Exhibit A: The pair of Audley’s that I can walk for miles in and still look like a lady:
I bought these in 2000 when living in Scotland. I wore them to work everyday for years. They may not look like much in this picture but they are actually very attractive on – especially with skirts. I think these shoes must be the reason I found a good shoe repair shop. They have an interestingly shaped toe and that, combined with my inability to walk in my own feet, means that the toe area can look rather chewed up after too many stumbles (although I have never fallen). I’ve taken them in to be cared for twice since my constant walking in them wore down the heel area.
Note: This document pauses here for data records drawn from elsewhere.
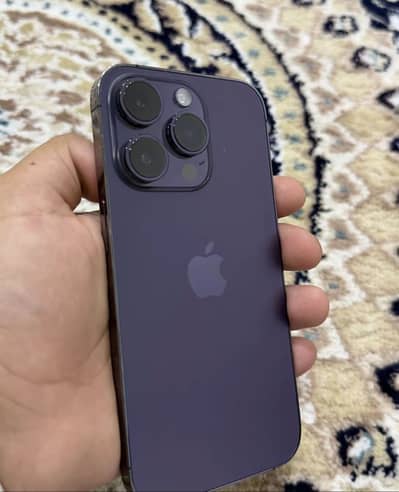 Apple iPhone 14 Pro pta approved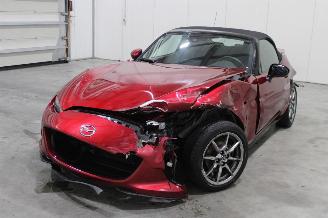 Vrakbiler auto Mazda MX-5  2022/2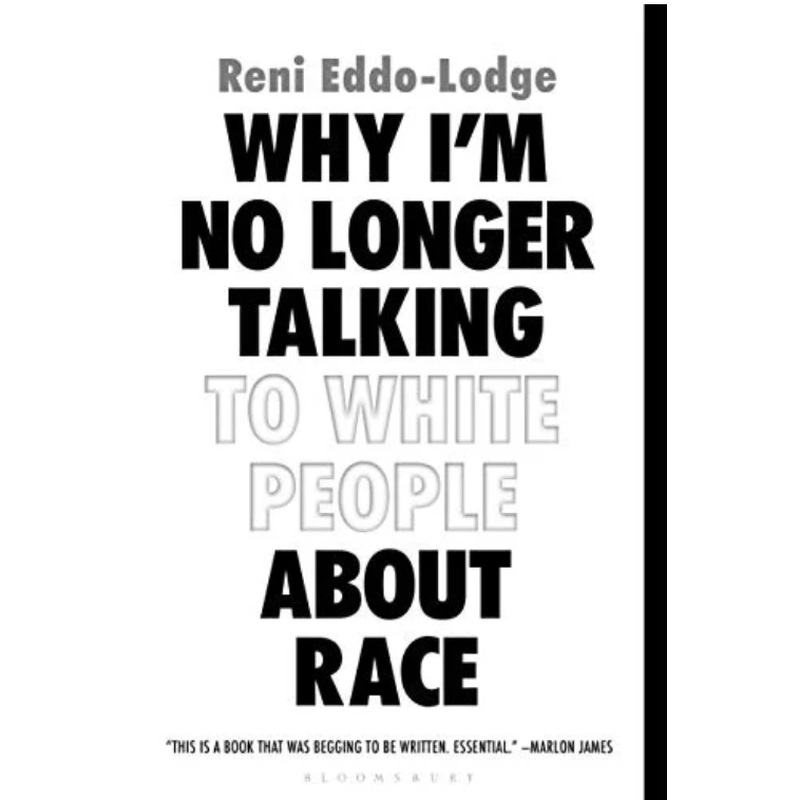 Why I'm No Longer Talking to White People About Race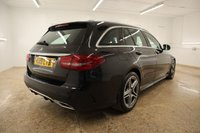 USED 2019 19 MERCEDES-BENZ C-CLASS 2.0 C 220 D AMG LINE PREMIUM 5d 192 BHP GREAT SPECIFICATION WITH SERVICE HISTORY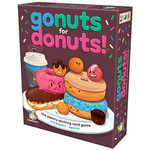 Gamewright Go Nuts for Donuts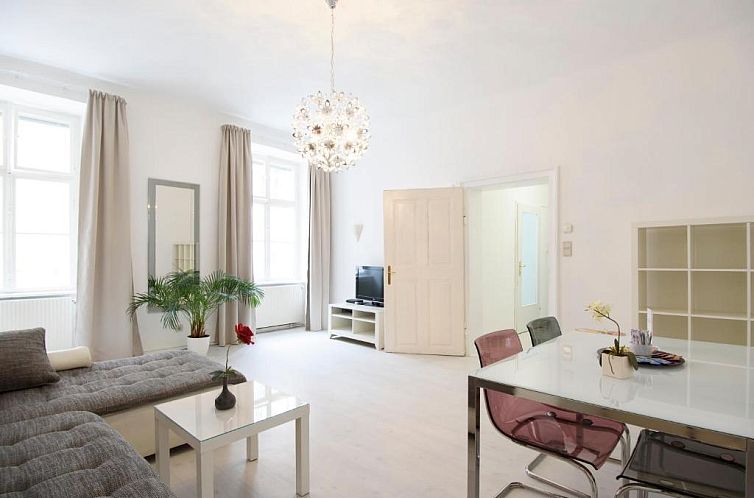 Vienna-apartment-one Schmidgasse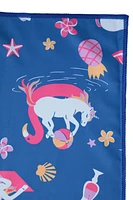 Kids Printed Microfibre Towel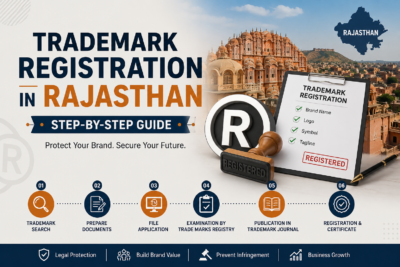 Trademark Registration In Rajasthan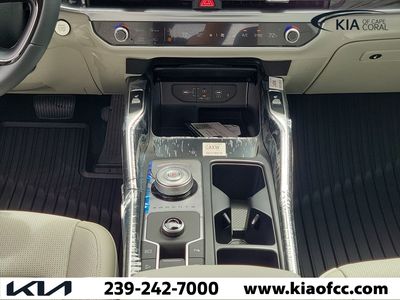 2026 Kia Sorento Hybrid — photo 20 view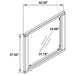 Kieran Dresser Mirror - Tony’s Furniture Store & Linen (GA) - Multi Location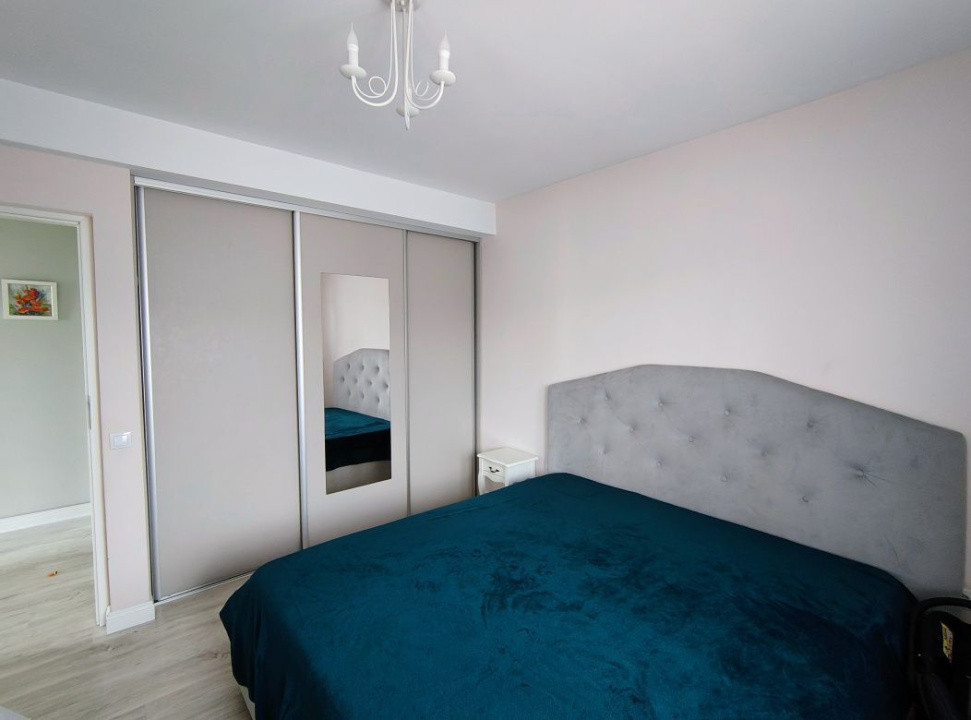 Duplex la cheie 120mp utili , 310mp teren zona Terra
Exhibit B: Flat, comfortable & RED knee high boots:
I had a thing with wanting red, knee-high boots for years when there weren’t any to be found (I had made myself a Wonder Woman costume as well but had to *gasp* wear black boots with them). And then, once red boots came back in fashion they all had ghastly heels. My Mum, sister & I were at a shoe store together one day and as soon as we saw these we gravitated towards them and I was afraid to try them on because cool shoes – sexy shoes – never fit me. But they did, and they didn’t cost the earth either. Now I take them in every two years for a clean-up to keep them looking their best. They look a little loved but what well-used pair of shoes doesn’t? I would guess that these ones are six years old.
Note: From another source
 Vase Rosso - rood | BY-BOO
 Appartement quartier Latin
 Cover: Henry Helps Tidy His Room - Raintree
Exhibit C: The hippy sandals I spend all summer in:
The problem with sandals like Birkenstocks is that their made for hippies with wide, Hobbit feet. But what about us wanna-be hippies of the long but dainty-feet variety? Well, I found the brand Naot for my feet and after wearing one pair into the ground was saddened to buy another pair. The more A’s you get in your width the higher the price goes. However, now that I have discovered the joys of shoe repair I can make sure I get my sandals re-stitched when needed and the cork inside replaced once it gets too worn.
My desire to repair things doesn’t end with shoes of course, but since I hate shopping for shoes it’s a good example for me to use. Another thing I hate shopping for is jeans. Which is why I was able to wear the same two pairs of jeans for 5 years just by not putting them in the dryer – ever. And this wasn’t an occasional wear either – this was almost-daily use. Now they are on my repair pile because they are getting slightly threadbare and are in need of patching up. I’ve also been known to sew-up holes in $3 socks even though my toes are determined to make there way through them – just because I like how the socks look and am not ready to part with them yet. It only takes me a couple minutes while watching a movie anyway.
The sad thing is, most things are made to be disposed of these days – we, as consumers, live in a disposable society and have a disposable mentality. If you toaster breaks you just toss it and buy a new one, or your iron, or any other reasonably affordable appliance. This just leads to more stuff in our landfills that might have had a chance to keep working if someone just took the time to figure out what was wrong. Of course, that sounds like a commentary on our society in general and a whole other topic for discussion.